___ Extracted information ___

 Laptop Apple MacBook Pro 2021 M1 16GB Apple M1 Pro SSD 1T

___
___ Extracted information ___

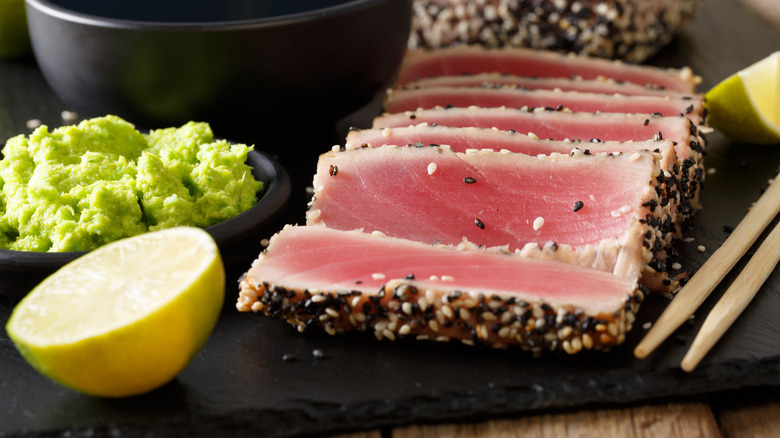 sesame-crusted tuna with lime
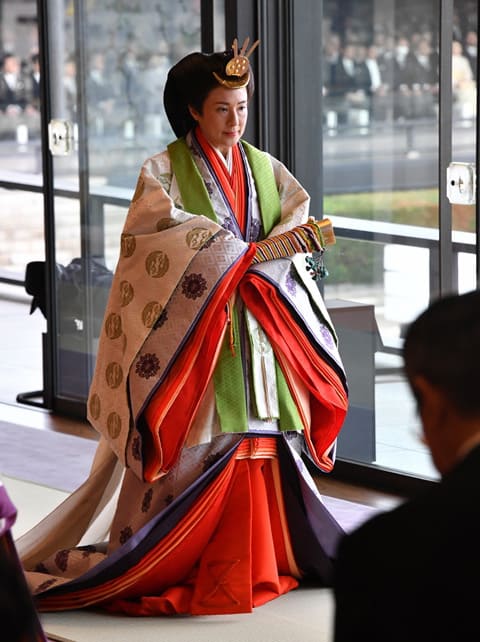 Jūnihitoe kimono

___

● Required action: Pictures aside, print exactly the lines above starting with the one containing "sesame-crusted tuna with lime" and going on through the one containing "Jūnihitoe kimono".

● Answer for the task:
 sesame-crusted tuna with lime
 Jūnihitoe kimono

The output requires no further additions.